Supplied data —
================================

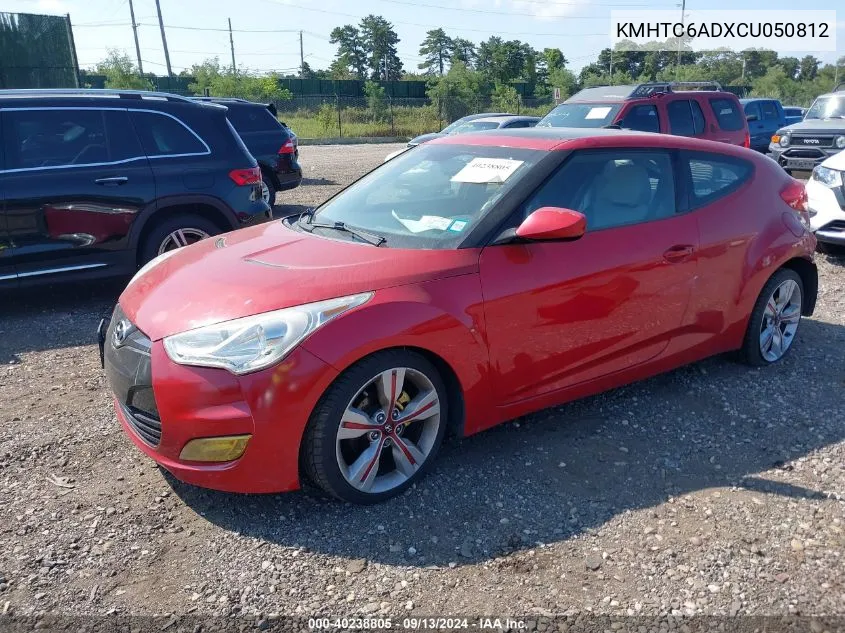 KMHTC6ADXCU050812 2012 Hyundai Veloster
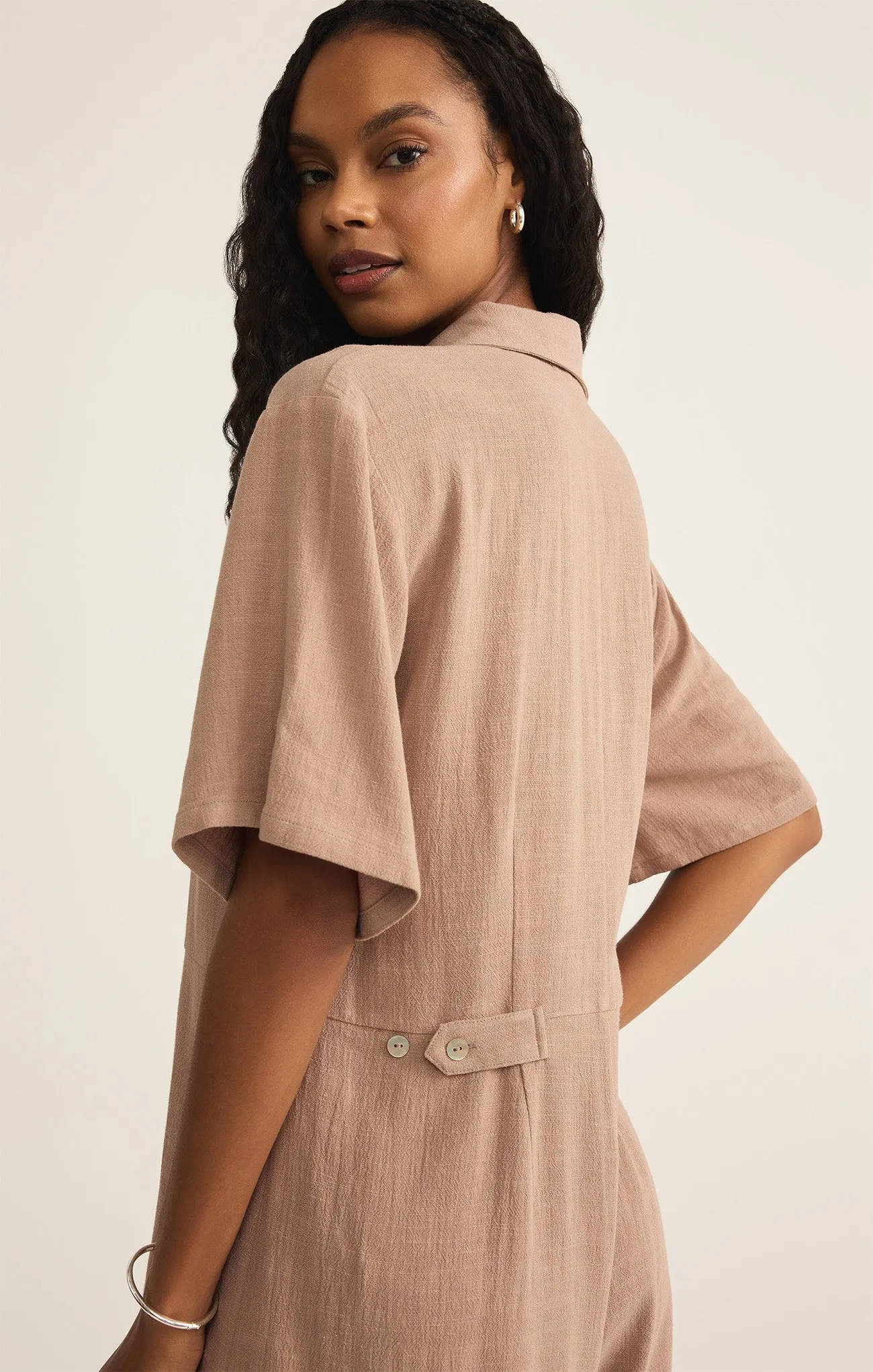 Marcell Button Up Romper sold by Z Supply product image thumbnail 5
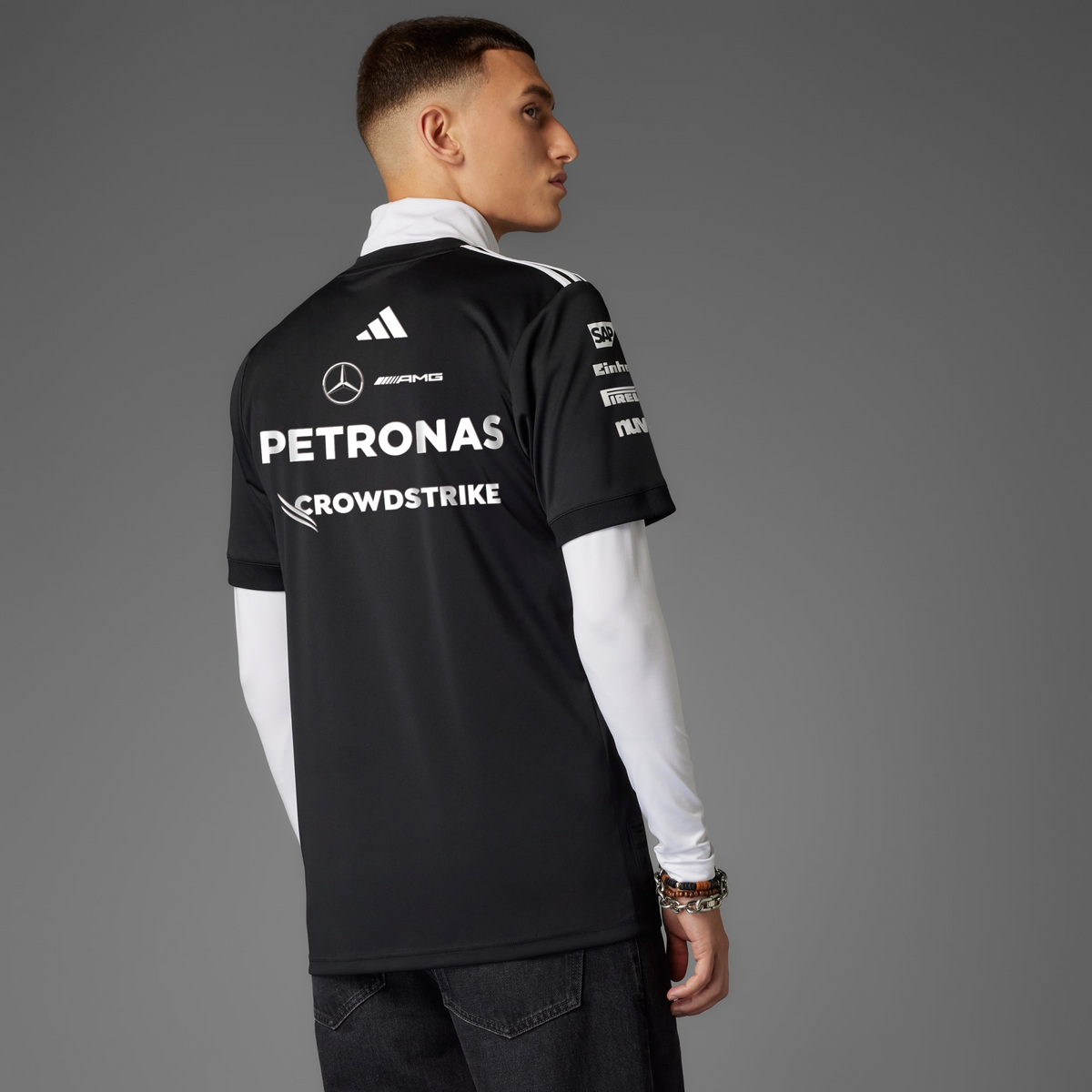 Camisa Driver Mercedes - AMS Petronas F1 na TSN Sports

================================

Exercise aim —
Write the material out again exactly. Skip each picture.

Solution to this problem —
 KMHTC6ADXCU050812 2012 Hyundai Veloster
 Marcell Button Up Romper sold by Z Supply product image thumbnail 5
 Camisa Driver Mercedes - AMS Petronas F1 na TSN Sports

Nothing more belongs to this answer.